Figure 3: “A Solar Checklist” published by Nature Group in 2015. It requires authors need to fill in and submit this information at the same time during the submission stage to help improve the reproducibility and transparency of the paper results in the PV research field.
In 2020, Cell Press released “PV Checklist”. In September 2020, Joule’s, an journal in the energy field under Cell Press, the impact factor soared from 15.04 in 2019 to 27.05. It was promoted to the top flagship journal in the energy field. It is required to submit the PV Checklist when submitting the manuscripts in solar cell research fields. The requirements of this document are more rigorous than the “Solar Checklist” of Nurture Group in 2015. It needs to provide more comprehensive test condition information. At the same time, the requirements and concepts of calibration traceability are also added. Enlitech has now provided relevant response information for our system’s users, helping customers to quickly and accurately provide all the information required on the form. If necessary, you can write to us for related information (PV Checklist; qeservice@enli.com.tw).
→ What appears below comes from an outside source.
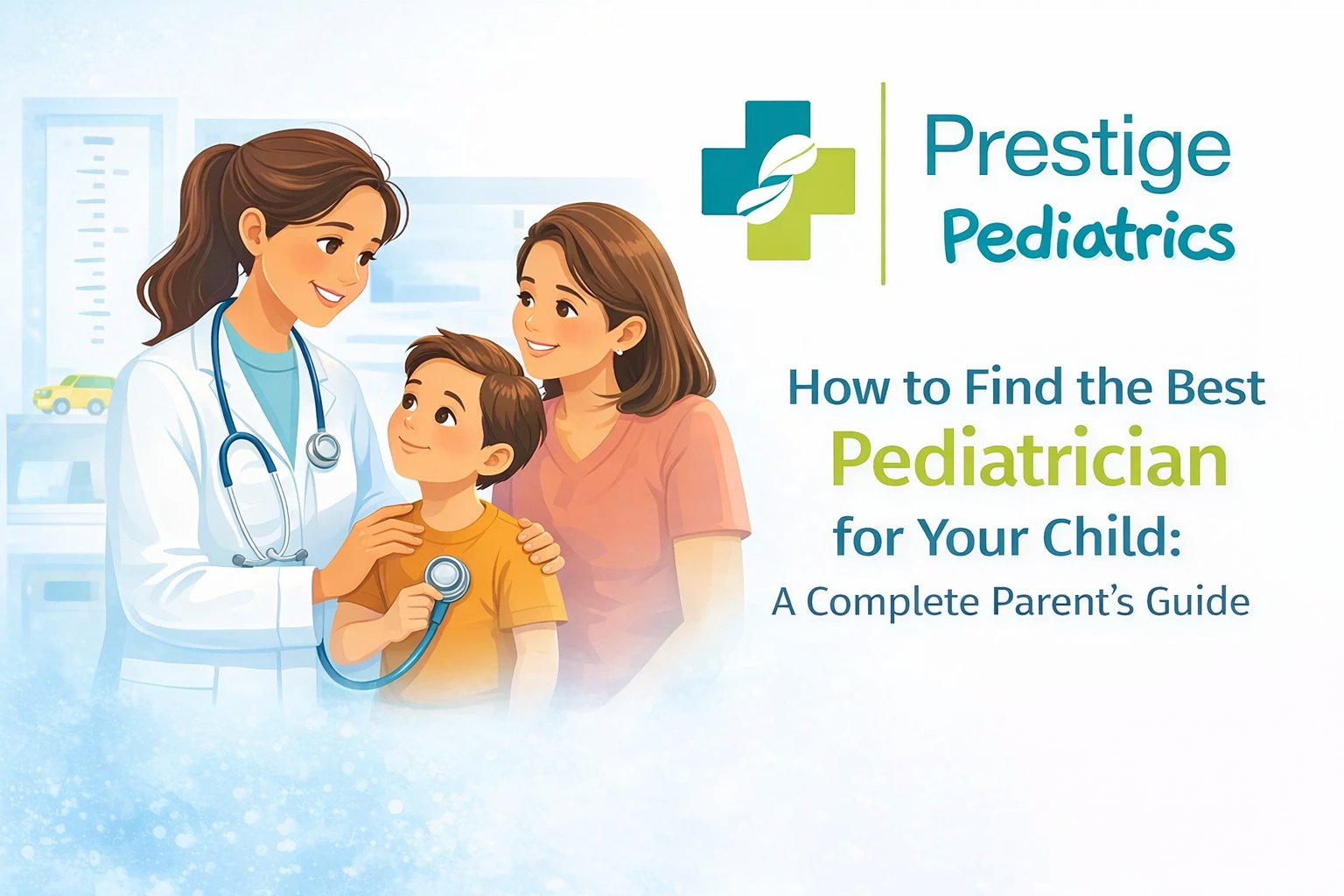 Choosing the right pediatrician is essential for your child’s health. Learn how to evaluate experience, care approach, and when to schedule your first visit.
Figure 4: Cell Press released “PV Checklist” in 2020. It needs to provide more comprehensive test condition information. At the same time, the requirements and concepts of calibration traceability are also added.
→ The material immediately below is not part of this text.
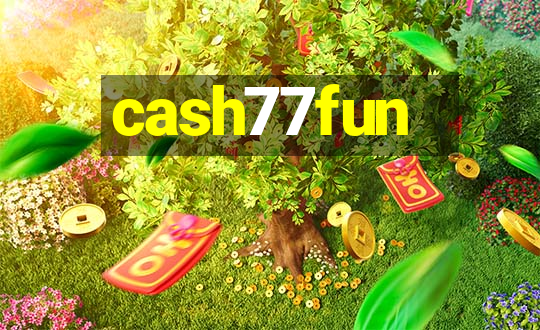 cash77fun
3 keys for publishing breakthrough efficiency in PV flagship-journal
The accuracy and reliability of solar cell PCE data is the key to whether it can be published in top energy journals. We observed the data of relevant papers published in the past five years and found that there are three important trends in whether important research results can be published in top journals:
1. Provide third-party efficiency certification
2. Provide the comparison difference (<5%) between Jsc(IV) and Jsc(EQE)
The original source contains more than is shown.